**Collected data**.
+-------+
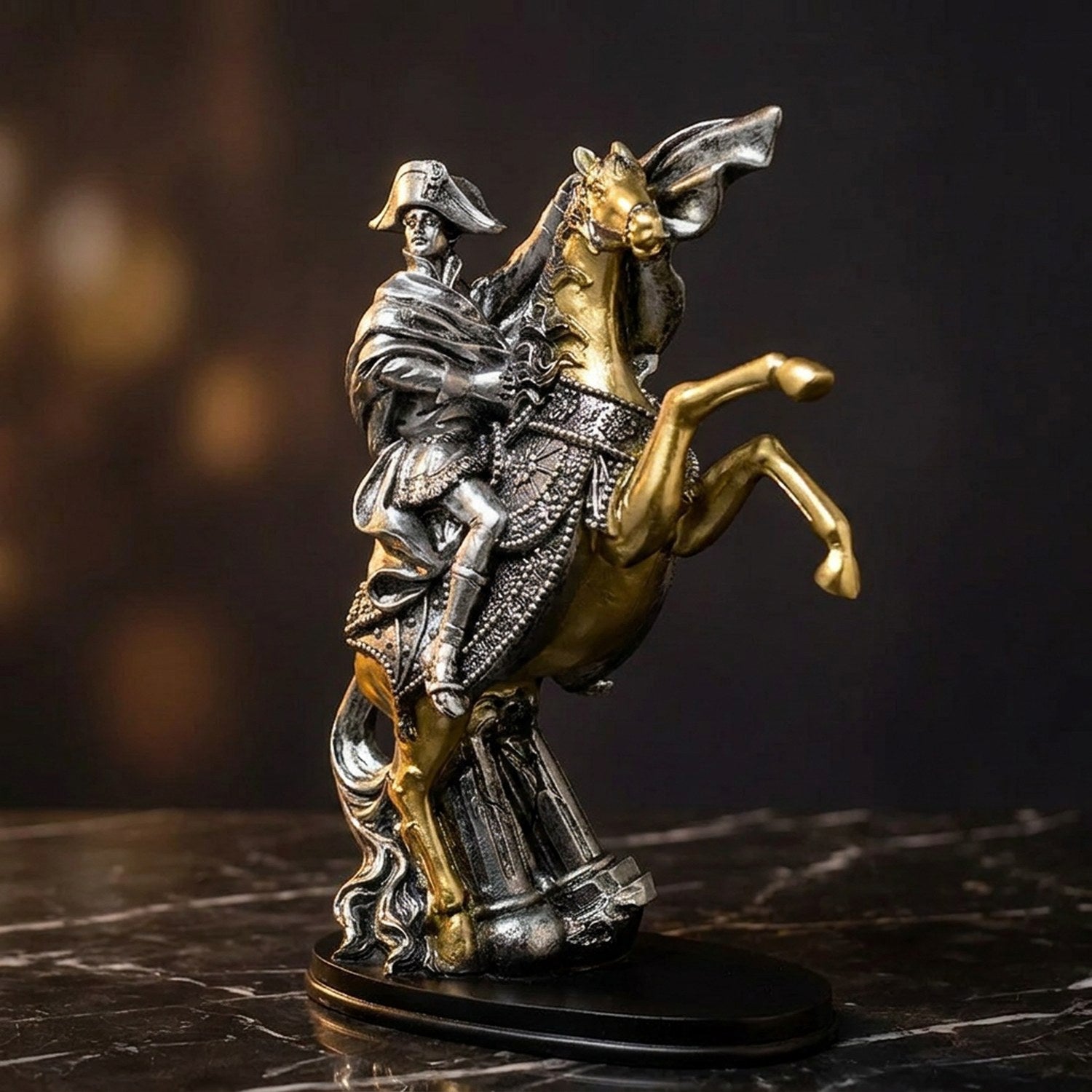 Statue Napoléon à cheval variante Argenté finition bicolore argent et or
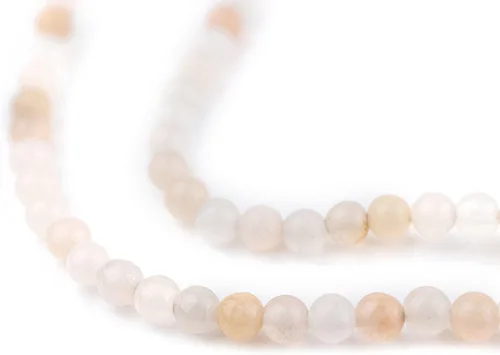 Miniatura 213 de The Bead Chest Cuentas de Jade Blanco Mate Redondas (8mm): Piedra Preciosa Orgánica Redonda Esférica de Energía con Poder de Sanación para Hacer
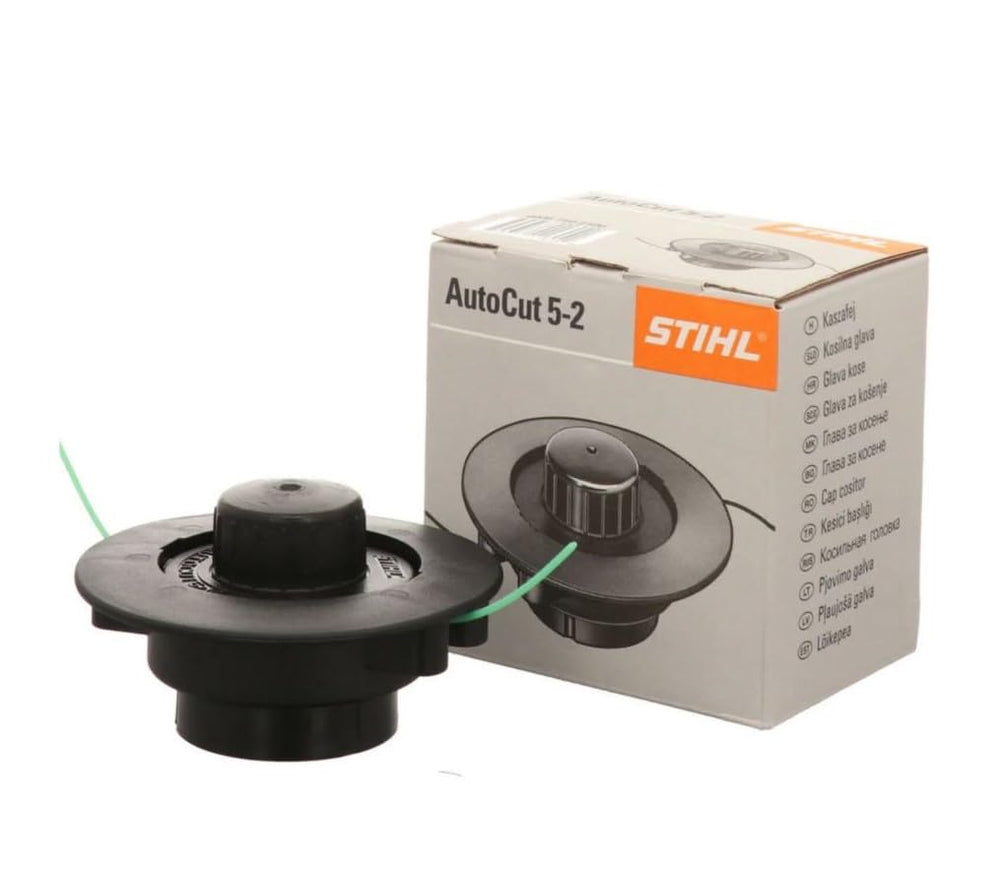 STIHL AutoCut trimmer head front view showing double-line exit and durable housing for fast trimming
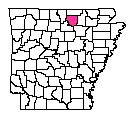 Map of Izard County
+-------+
**Brief**.
Each line above should be returned exactly as it stands, minus any pictures.

**Your response**.
 Statue Napoléon à cheval variante Argenté finition bicolore argent et or
 Miniatura 213 de The Bead Chest Cuentas de Jade Blanco Mate Redondas (8mm): Piedra Preciosa Orgánica Redonda Esférica de Energía con Poder de Sanación para Hacer
 STIHL AutoCut trimmer head front view showing double-line exit and durable housing for fast trimming
 Map of Izard County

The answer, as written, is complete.